"Do not average your Max-Sonar results..ever!" who knew?

I've apparently been mistreating my MaxSonar EZ-1.   I can't find where i stole.. er... borrowed my idea from for averaging a series of responses to reduce the inconsistencies, but I was looking up some information on the Arduino pulseIN() timeout (Thanks Oddbot!) and came across http://playground.arduino.cc/Main/MaxSonar   ... Yeah... I know it should have been one of my first places to look, but...

Then I came across this article in the forum... http://forum.arduino.cc/index.php/topic,20920.0.html

 

"Filtering in General
For filtering, do not average.  Do not average.  Do not average.  (Did I say, do not average?)  We have a lot of internal filtering in our products and if you receive readings that you feel must be filtered, do not use averaging.  Instead, throwing out the incorrect range values will produce the best results.  Averaging valid and invalid readings together will provide incorrect data.  

Filtering
The filtering that works best, is either a Mode filter or a Median filter.  (Did I forget to say, "Do not average the readings"?)

The Median Filter
The median filter would take the last group of readings and first sort them and then pull out the center reading.  Here one might take three or more readings (up to say about 11 for people sensing) and after sorting the readings in order of range, pull out and use only the middle (median) reading.  Fairly good filtering.

The Mode Filter
The mode filter would take the largest group of the same readings out of a set of even larger readings.  Very robust filtering.
Filtering for most applications, the Very Simple Mode Filter

The simplest mode filter, is simple as this question, "Do the last two readings agree?" (with in a certain distance, and the certain distance depends upon how much variation one expects in the actual use.  Even so most use the logic of "are these readings exactly the same")?  If so, use the readings, otherwise throw away to oldest reading, and compare the next reading with the most current reading and do this again.  Obviously with very noisy data, one might have to sample a larger group of readings, and pull out the most common reading, but for most applications, this simple two reading filter works very well.
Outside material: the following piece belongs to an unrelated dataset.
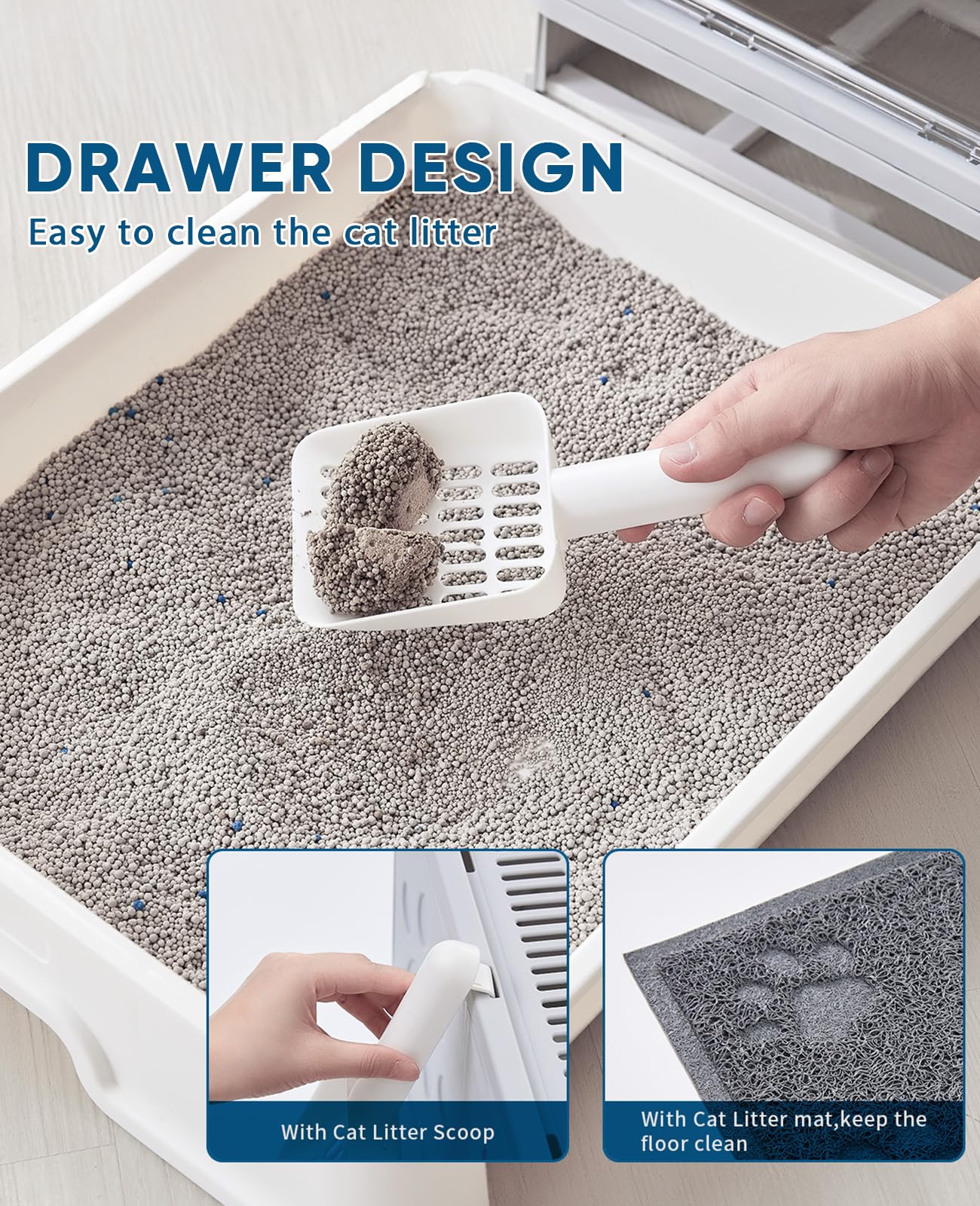 Medario spacious litter box interior ready for comfortable cat movement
Even so, for specific cases, one has to try and find out what works best.

Please let us know if you have any further questions. I request that you email me any questions at [email protected].


Best regards,

Scott Wielenberg"

 

 

 

References:

http://playground.arduino.cc/Main/MaxSonar

http://www.arduino.cc/cgi-bin/yabb2/YaBB.pl?num=1288290319

http://garagelab.com/profiles/blogs/tutorial-ultrasonic-range-finder-arduino

http://www.maxbotix.com/articles/033.htm

http://howdweknows.blogspot.ca/2011/03/maxsonar-rangefinder.html  <---  This one does averaging...

http://www.danielandrade.net/2009/07/26/ultrasonic-range-finder-with-arduino/  <----  Also uses averaging...

 

 

That’s one that should help a lot of people

Thanks for finding this, I was never happy with the averaging method.
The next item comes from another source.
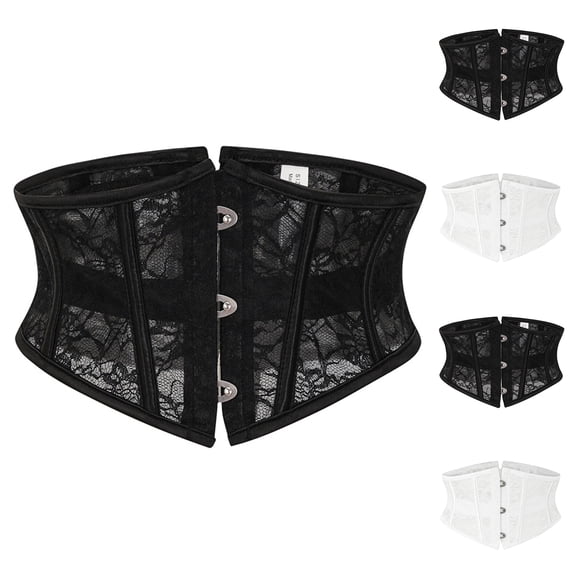 Gaukiv Womens Short Lace Waist Cinchers 3 Hook Underbust Corset Belts Flexible Boning Shaping Breathable Sculpting Waist Definition Tops Black L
Some tests with a sonar sensor

Thanks for sharing the data! I was testing a sonar a few days ago, when I found myself in the same situation: strange readings at some points, perfect readings half of the times. What I was thinking is this: let’s say you have a wall at your front, at 2m, and another wall at your right, at 2m too. You start taking readings from a fixed point, and rotate the sensor to the right. The fisrt readings will be very accurate. As you reach 30° or so, the wall bounces back the sound away from the sensor, so eventually you’ll get no echo or a long distance reading from a multiple bounced echo. As you reach 40° you will start hearing  the echo that has bounced twice, first on the wall in front and later in the wall on the side, so the reading will be a bigger distance than expected. At 45° you’ll have an exact reading. And as the sensor goes on rotating you’ll see the same strange pattern. 
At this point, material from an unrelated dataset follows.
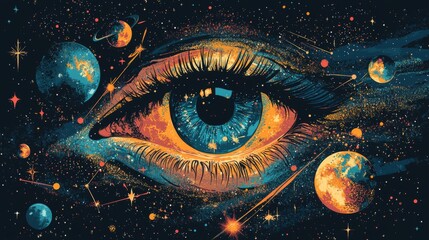 Eye surrounded by cosmic elements symbolizing intuition and spirituality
So it’s not a matter of filtering, but drawing the walls you can measure in front of you. With that in mid you should be able to predict the measures and compare them to the real data, so you can guess if it’s a multiple bounce echo or a real reading.

A second thing I’m taking into account is that a long pulse can be safely ignored, but a short pulse has to be something close before the wall. This is, you can expect a pulse not to come back (a false negative), but you don’t have false positives. 

So I will continue reading and, if I can develop a simple code to interpret the data, I’ll post it. Good luck!